High Park Cherry Blossoms
Nothing symbolizes spring like the beauty of a blooming cherry tree.
Each year thousands of people visit High Park to take part in the century-old Japanese tradition of Sakura Hanami, or cherry blossom flower viewing.
For more information about cherry blossoms, visit the High Park Nature Centre
Thousands visit the park during cherry blossom viewing season. Please walk, bike or take public transportation if you can. Parking is very limited and driving into the park creates congestion and pollution. Because of the crowds, it can be difficult to keep up with garbage collection so practice bringing out what you bring in. Take only memories and photos: don’t injure the trees by climbing them, breaking branches or removing blooms.
Most of the cherry blossoms are along the hillside beside Grenadier Pond. Blossoms usually reach peak bloom in late April or early May. Flowers last four to10 days, depending on the weather conditions.
Contact the High Park Nature Centre if you are interested in tours during the season.
Cherry blossom viewing is a rite of spring in many cities, where Sakura Matsuri (matsuri means “festival”) are held to celebrate the beauty of the Sakura trees.
Thanks to the “Sakura Project”, many other sites in Toronto are graced by these beautiful trees, including the CNE and the University of Toronto’s main and Scarborough campuses.
Outside of Toronto, blossoms can be viewed at McMaster University and the Royal Botanical Gardens in Burlington.
1959 The Japanese ambassador to Canada, Toru-Hagiwara, presented 2000 Japanese Somei-Yoshino Sakura trees to the citizens of Toronto on behalf of the citizens of Tokyo. The trees were planted in appreciation of Toronto accepting re-located Japanese-Canadians following the Second World War. Many were planted on the hillside overlooking Grenadier Pond.
1984 A grove of Japanese cherry trees were planted along a pathway west of the Children’s Adventure Playground.

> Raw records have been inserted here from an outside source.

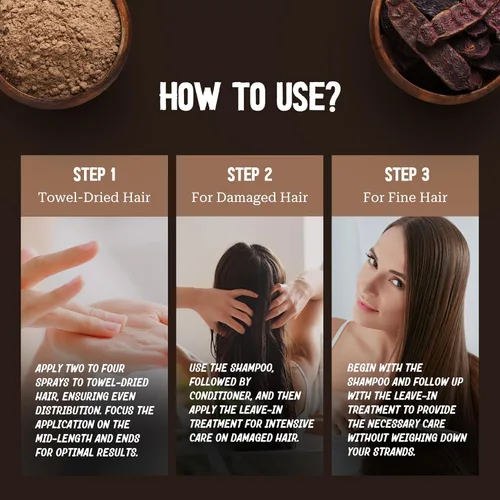 Vista 3 de Acondicionador sin enjuague para mujeres y hombres, tratamiento de reparación ayurvédico para cabello seco dañado, acondicionador profundo, spray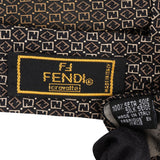 Fendi Monogram Zucca Pattern Silk Tie Krawatte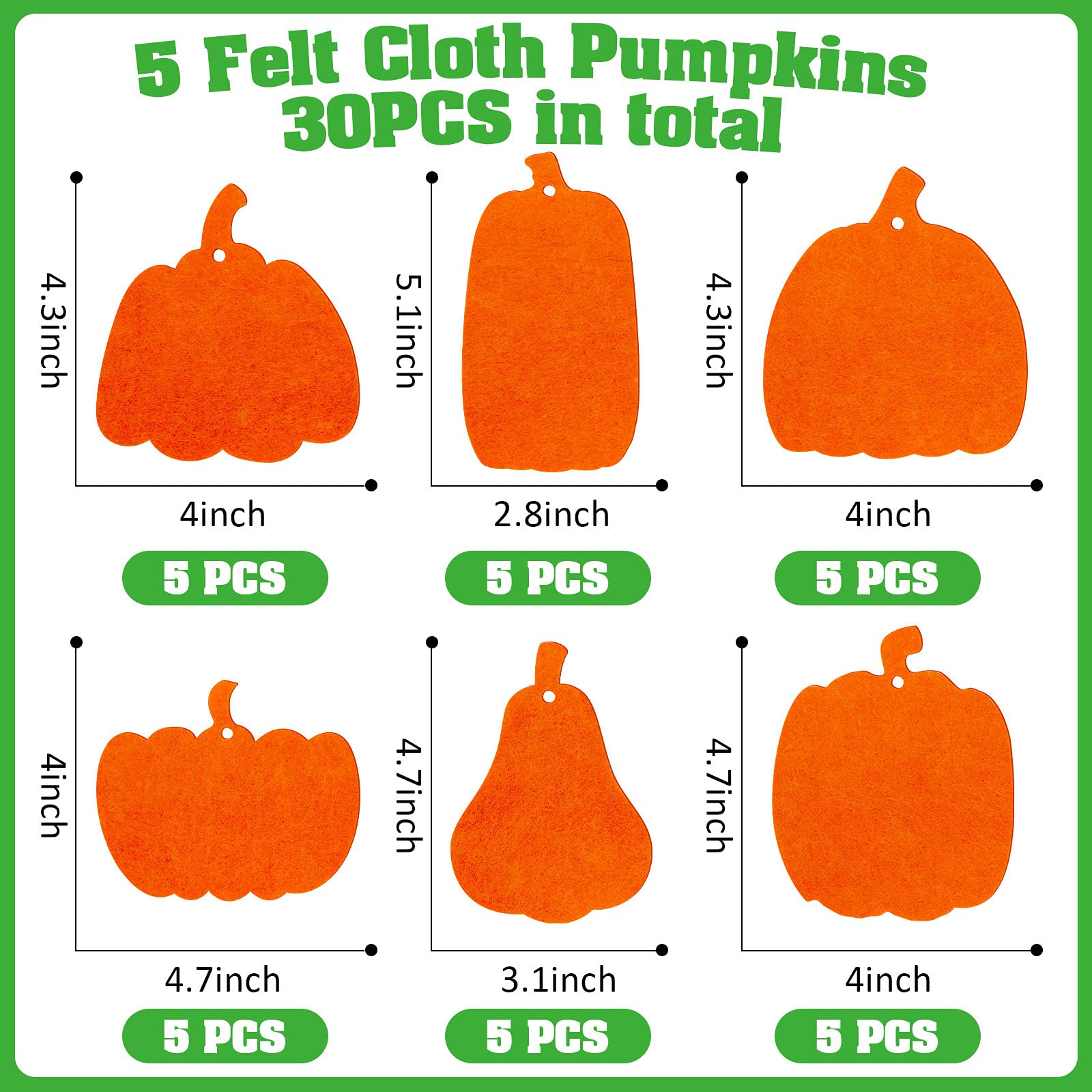 30-Piece Fall Craft Kit for Kids - DIY Pumpkin Decorations, Halloween & Thanksgiving Art Projects - Perfect for Classroom, Home, and Party Decor
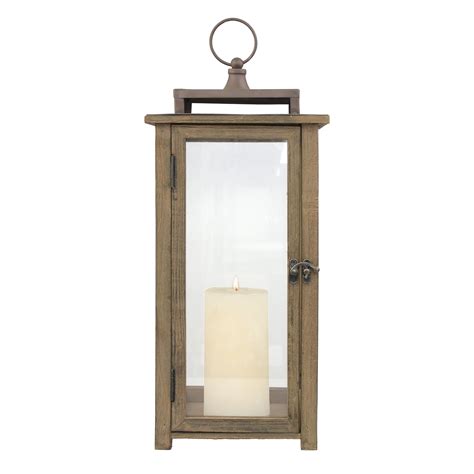 Stonebriar Decorative Rustic Wooden Candle Lantern With Handle And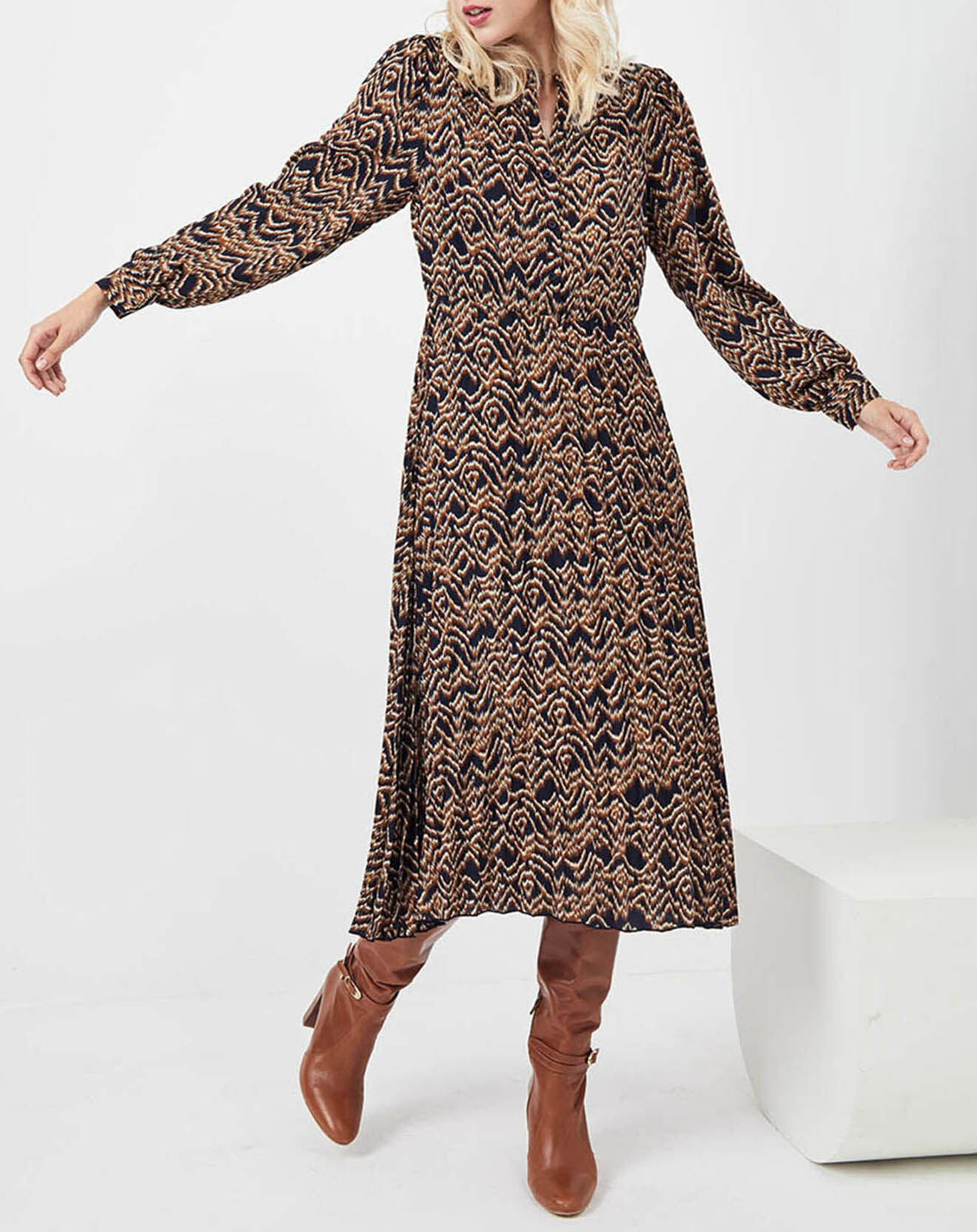 See u Soon Robe Sureau imprimée noir/marron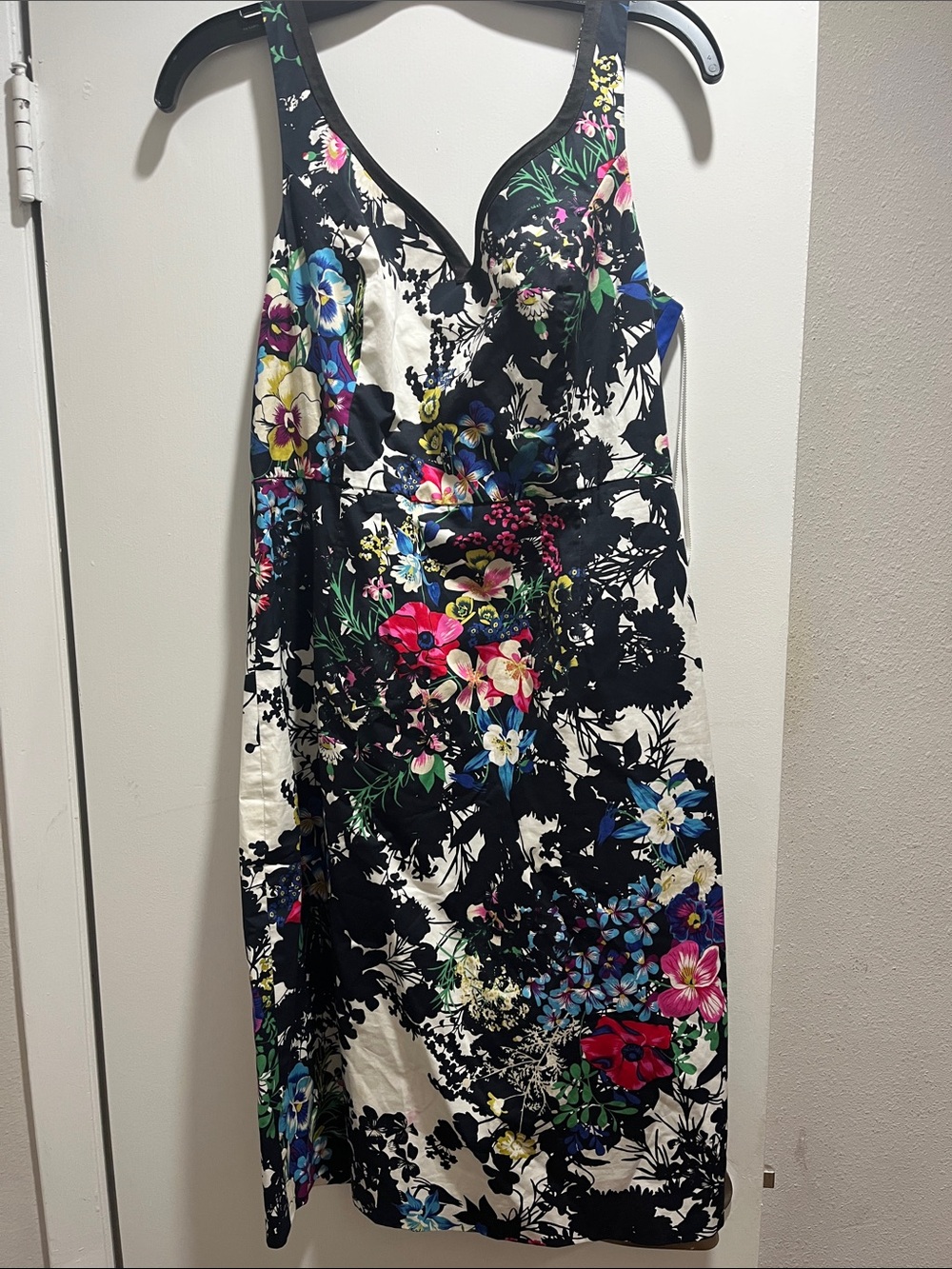 Black & White Floral V-Neck Sundress with Colorful Blooms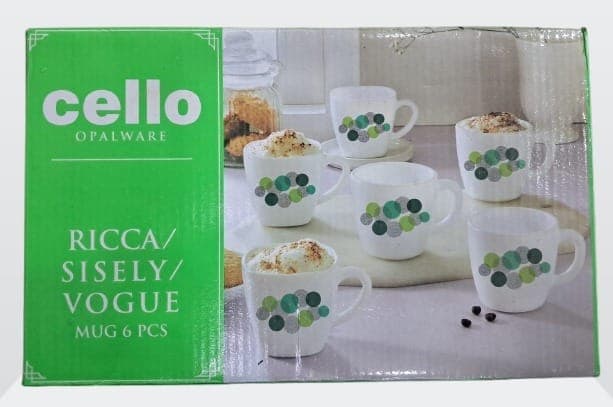 Cello Opalware Ricca Sisely Vogue Mug Set, 6 Pieces, White and Green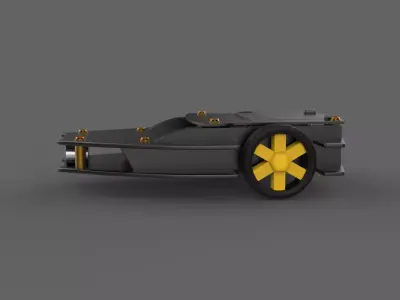robot car Low-poly 3D model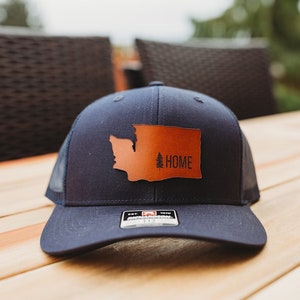 Washington State Leather Patch Hat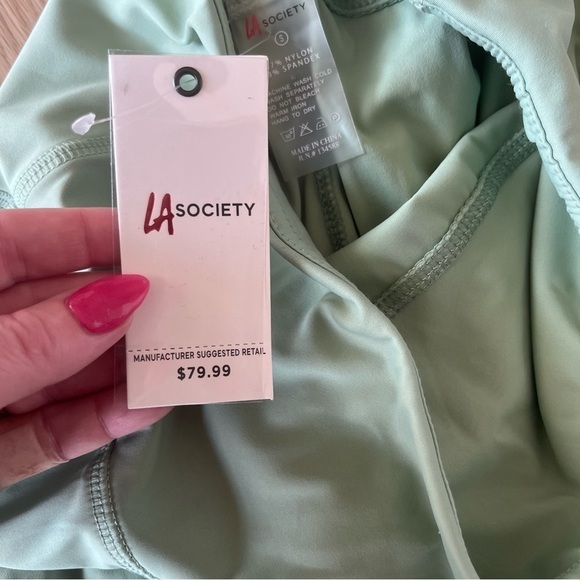 NWT LA Society Athletic leggings Green Mint Size Small - Picture 9 of 11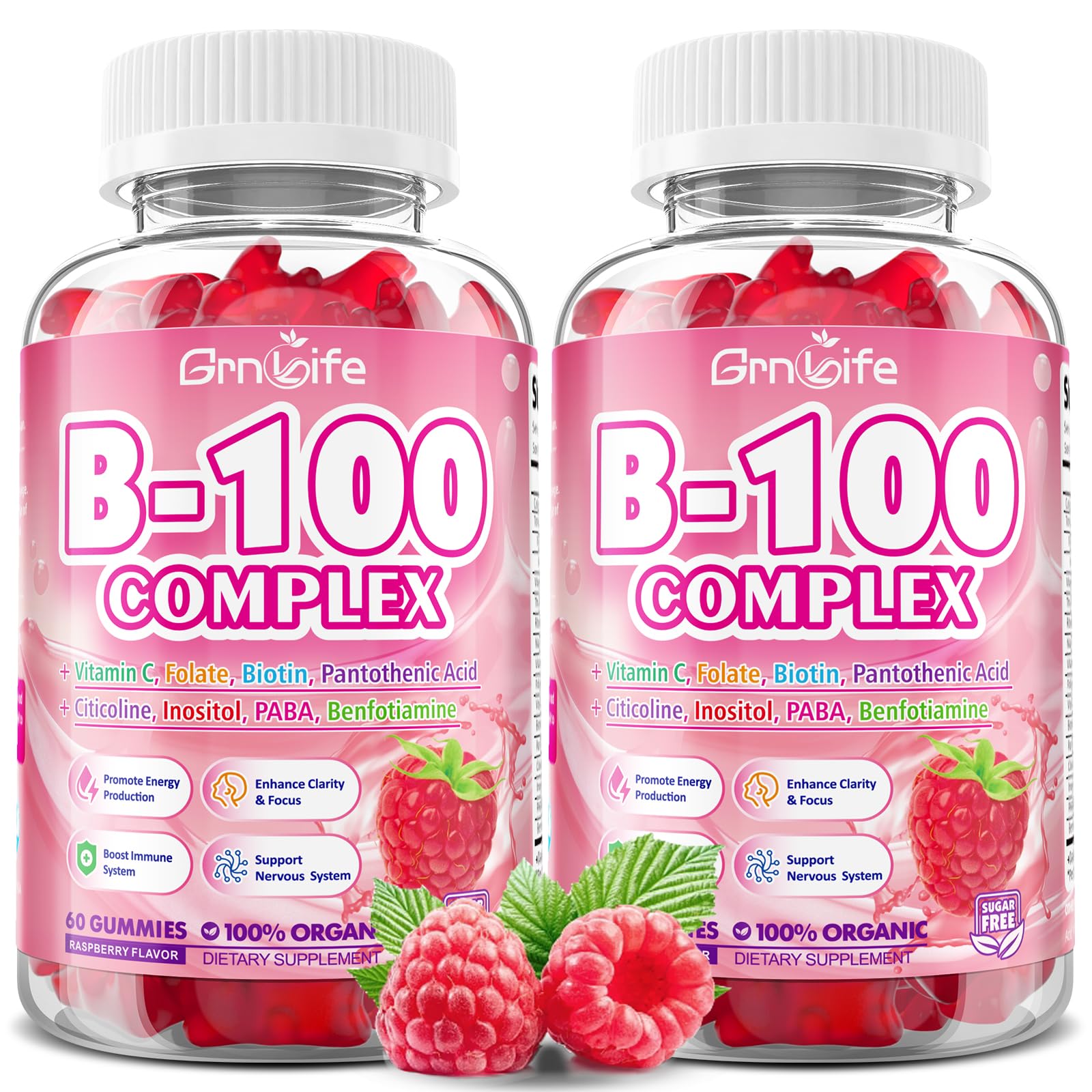 GrnLife B Complex Gummies bottle front view with 60 gummies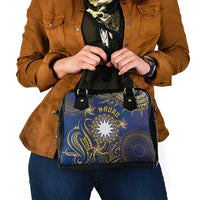 Nauru Shoulder Handbag Hibiscus Polynesian Tribal Pattern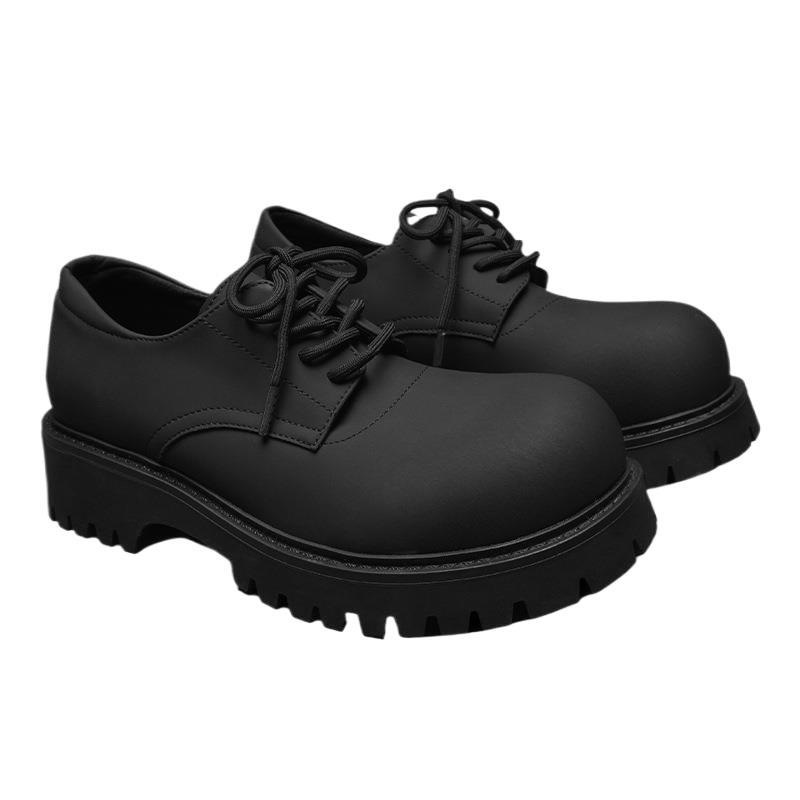 화이트 더비 신발 남자 신발 2024 새로운 여름 두꺼운 솔 증가 큰 머리 미키 남자 캐주얼 라운드 발가락 가죽 신발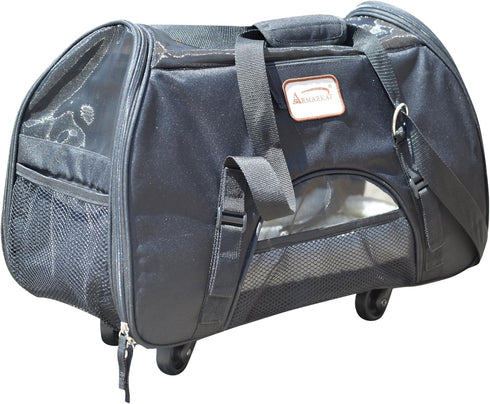 Armarkat PC101B Roll Away Pet Carrier, Black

The trees were donated by Yoriki and Midori Iwasaki as a special gift to the people of Toronto and “a joyful symbol of life”.
2001 Through the Consulate General of Japan in Toronto’s “Sakura Project”, 34 Yoshino ‘Akebono’ and Kwanzan ‘Fugenzo’ Sakura trees were donated and planted on the east shore of Grenadier Pond near the Maple Leaf garden.
2006 Sixteen additional Yoshino Sakura trees were planted near the original 1959 planting site.